The rise of social media shopping scams may have further contributed to this lack of trust. Fraudsters can create false identities from shoppers’ social media profiles and hack into consumers’ accounts. A 2023 Federal Trade Commission study found that U.S. consumers reported approximately $216 million in losses from social media trading fraud from 2021 to mid-2023.8 Perhaps more concerning is that of all social media fraud reports filed in the first half of 2023, 44% came from consumers trying to purchase something promoted on social media.9 Generative AI may further increase the number of such frauds in the future. (See our predictions for AI-powered generative fraud.)

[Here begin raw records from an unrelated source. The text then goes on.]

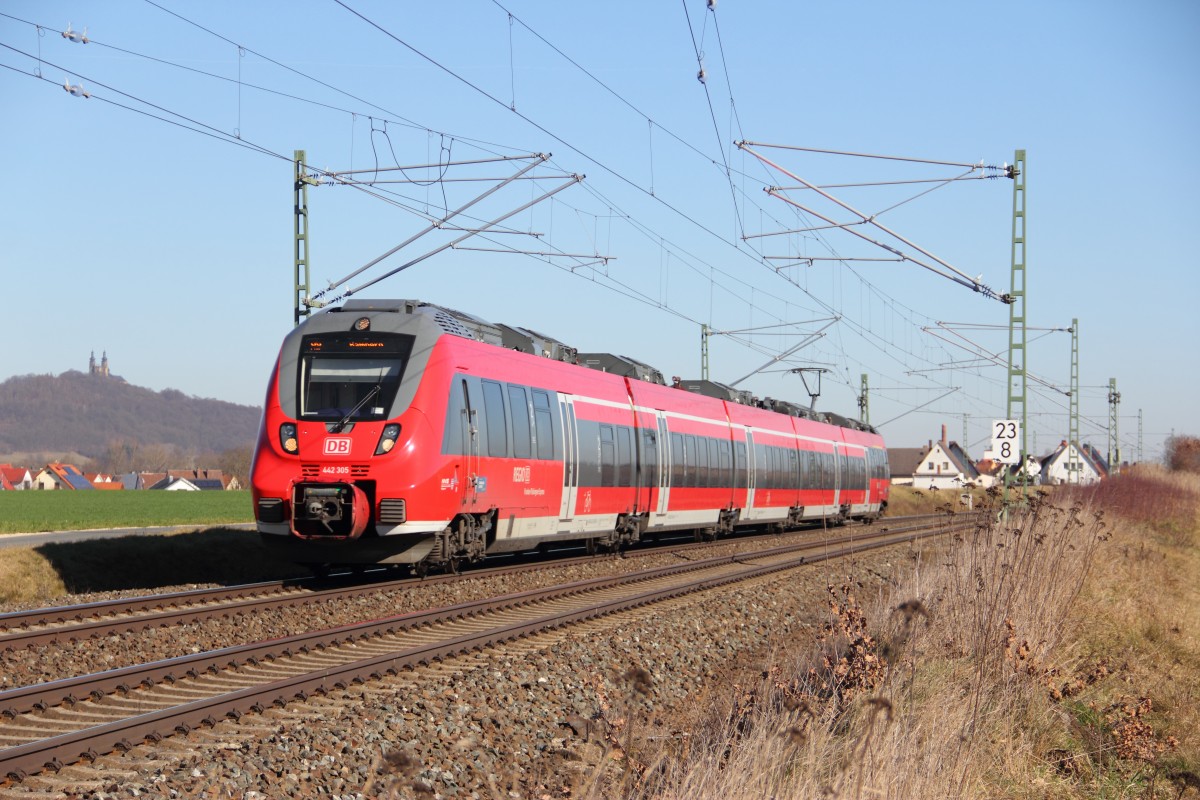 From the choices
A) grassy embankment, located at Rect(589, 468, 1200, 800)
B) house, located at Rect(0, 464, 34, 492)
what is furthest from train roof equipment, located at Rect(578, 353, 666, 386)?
house, located at Rect(0, 464, 34, 492)

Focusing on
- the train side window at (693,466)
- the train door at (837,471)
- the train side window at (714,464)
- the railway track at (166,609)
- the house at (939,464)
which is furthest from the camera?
the house at (939,464)

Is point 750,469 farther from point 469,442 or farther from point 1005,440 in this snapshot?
point 469,442

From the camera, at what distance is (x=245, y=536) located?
2339 centimetres

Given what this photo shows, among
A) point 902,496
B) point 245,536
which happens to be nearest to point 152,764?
point 245,536

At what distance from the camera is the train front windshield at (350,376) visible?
642 inches

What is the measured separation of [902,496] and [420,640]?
56.9 m

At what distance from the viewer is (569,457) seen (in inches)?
842

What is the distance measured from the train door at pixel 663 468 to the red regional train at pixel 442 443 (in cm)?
7

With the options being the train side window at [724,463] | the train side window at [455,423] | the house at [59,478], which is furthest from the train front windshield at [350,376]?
the house at [59,478]

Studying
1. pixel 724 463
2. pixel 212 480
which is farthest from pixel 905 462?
pixel 724 463

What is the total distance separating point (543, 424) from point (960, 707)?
1298cm

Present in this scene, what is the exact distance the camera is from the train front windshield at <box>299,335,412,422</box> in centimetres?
1631

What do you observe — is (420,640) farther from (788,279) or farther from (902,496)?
(902,496)

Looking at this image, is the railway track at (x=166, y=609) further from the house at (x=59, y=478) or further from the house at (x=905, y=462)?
the house at (x=905, y=462) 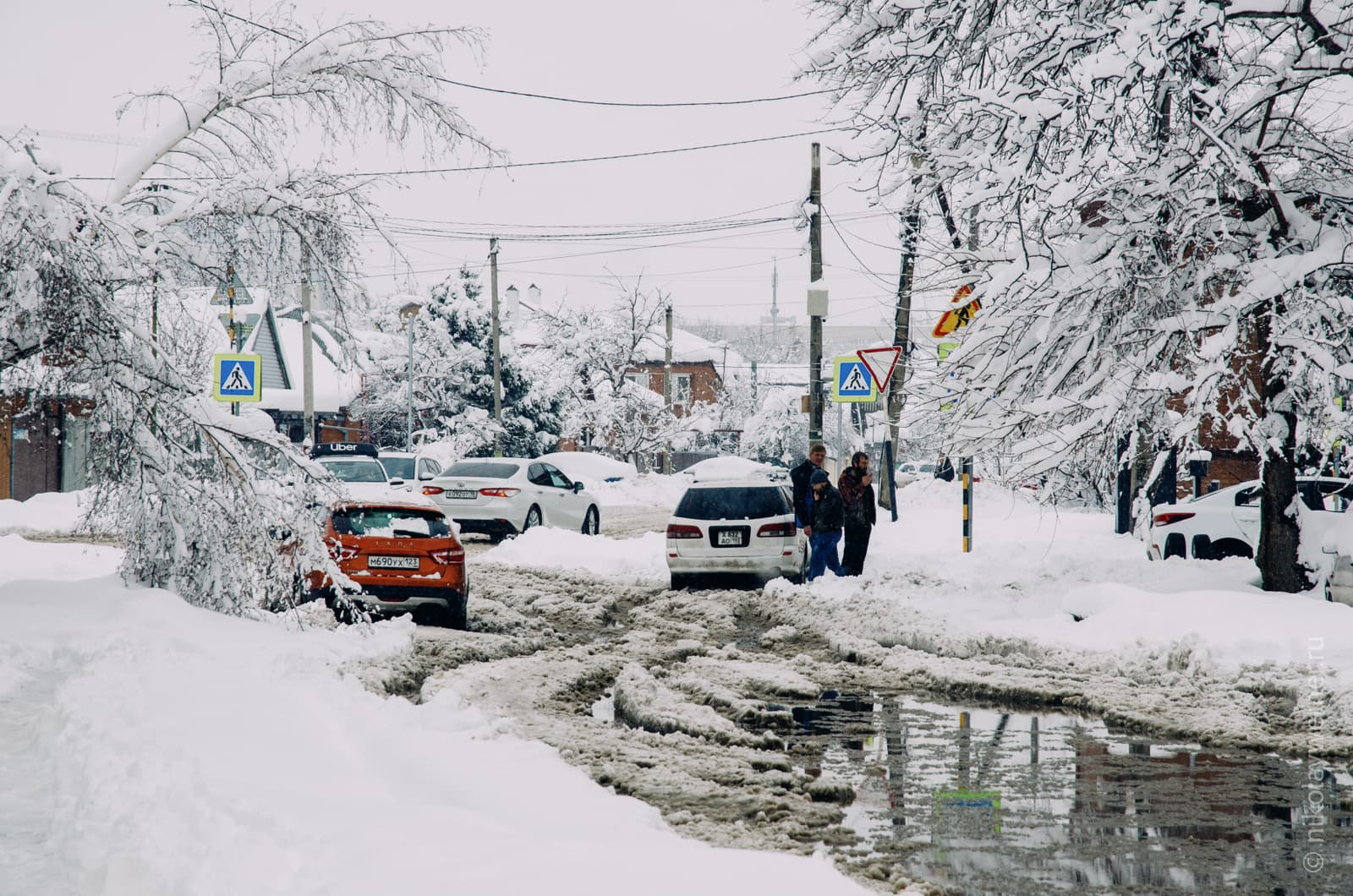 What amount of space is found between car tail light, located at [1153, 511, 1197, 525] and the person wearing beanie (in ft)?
15.6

Social media platforms should move to the next level in supporting digital trust, making privacy, transparency and redress (the ability to obtain compensation in the event of harm from malicious forces) key tenets. For customers to be able to make in-app payments freely, platforms should cooperate with payment institutions to ensure safe and secure purchases. For example, payment companies can use their artificial intelligence and machine learning algorithms to generate behavioral patterns and 360-degree views of customers from their offline and e-commerce transactions to help platforms detect fraudulent and synthetic identity transactions. Moreover, with the advent of open banking, payment institutions can play a significant role in sharing data and collaborating with social media platforms to help authenticate identities and prevent illegal acquisition of money from fake accounts or threat actors.

2) Hassle-free payments with consumer option. Most shoppers use social media on smartphones rather than computers, so the primary expectation is a smooth checkout and payment process. Features like one-click payment can make in-app social commerce payments not only hassle-free but also invisible.

Additionally, consumers may want to be able to pay using both traditional and alternative payment methods, including digital wallets, cryptocurrencies and “buy now, pay later” financial products, as is the case with online and in-store purchases. In this regard, social media platforms have already partnered or are working with payment intermediaries that have a strong track record of individual integration with traditional and alternative payment methods.10

However, given greater optionality, how can card issuers become the preferred in-app contextual payment method while also offering the most optimal options on a six-inch smartphone screen?

Card issuers could offer exclusive loyalty rewards or launch co-branded cards to position their cards as the preferred choice (directly or through digital wallets) for in-app transactions on social media platforms. They can also integrate value-added features such as dynamic pricing and customized rewards based on customer lifetime value, automatic point redemption and loyalty program management to differentiate themselves and become the top choice for in-app purchases by social customers.

3) Faster settlements with additional financing options for merchants. In-app payments are expected to improve conversion rates not only for brands and sellers, but also for content creators who want to receive payments quickly. Advisors and payment networks can help solve this piece of the puzzle and enable social media platforms to move from earners to payers. For example, Visa offers products and partnerships that enable faster payouts because content creators are paid directly.11

Additionally, small and medium-sized businesses (SMBs) and content creators may also appreciate integrated features such as cash advances and the flexibility to withdraw funds without having to accumulate a significant balance. With in-app payments, social media platforms can have a 360-degree view of seller performance in their marketplace, including their sales history, inventory, cash flow and even customer feedback. This data should enable social media and payment platforms to support each other and offer financial products beyond payments, as some e-commerce platforms do. For example, in November 2022, Amazon launched a cash advance program for small and medium-sized businesses on its platform,12 giving them the flexibility to repay their earnings in this market.